Sachs also uses the example of the Old Fort prison, the bricks of which were used to build a new Constitutional Court in the heart of Johannesburg. It represents the building of something new and powerful out of the old evil of the fort prison. Sachs’ recollection is important for its calm wisdom and wide reach into the past.

The Constitutional Court and our Constitution were, after all, about trying to accommodate a diversity of viewpoints and should be the starting point of our deliberations on difficult questions. It is a guide for our decision-making, for the exercise of public and private power and for reaffirming the right to dignity and equality.

South Africa in 2020 is a markedly different place from 1988. We have the right to speak, write what we like and more importantly, the context within which we do so has changed. We are yet seeking to shape this very messy environment in which we find ourselves, however.

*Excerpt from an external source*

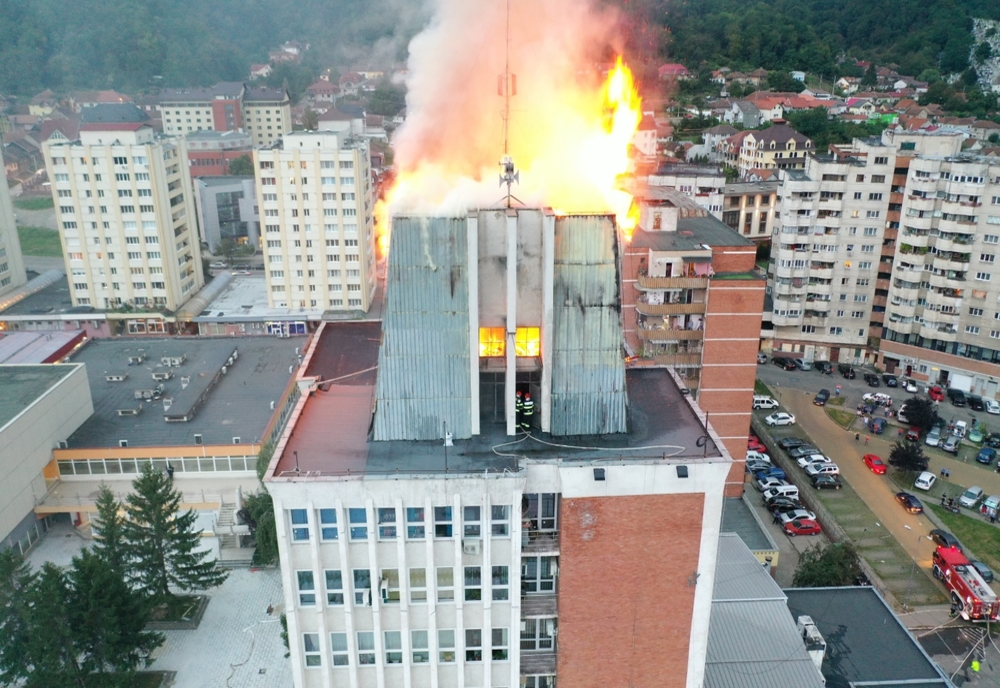 Dosar penal în cazul incendiului de la Palatul Administrativ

The choice we made to be a constitutional democracy was not an accident, nor was it one that went without any debate and argument within the ANC and other parts of society. The commitment to fundamental rights and against the arbitrary exercise of power was deliberate. That our transition to democracy was flawed cannot be disputed. Without doubt, much still needs to be done to fundamentally change the lives of those who suffer all kinds of exclusion. We are also dealing with the consequences of a mostly dysfunctional ANC and the consequences of almost a decade of State capture.

In a society where millions live on the margins, it is easy to discount the constitution altogether. Yet, it remains a transformative and progressive instrument for bringing about change and a culture of human rights and accountability. Without it, a society with even greater levels of impunity beckons. Without it, we lose the framework for contestation about that which is difficult.

Our greatest gift to Madiba and the architects of our democracy is to do all we can to protect the Constitution and deepen our understanding of the principles which underpin it.

We will need to confront the challenges we face on the shopfloor, in offices and in the corridors of power especially at a time we need to save our institutions from complete degradation.

It means being brave about upholding our democracy and the guardrails the Constitution has put in place, even as South Africa faces socio-economic hardships and even as democracy around the world is under threat. We have to keep reminding ourselves that every generation is asked to defend the Constitution. It is the work we have to do to honour the previous generation who made for us “a pass at the infinite”.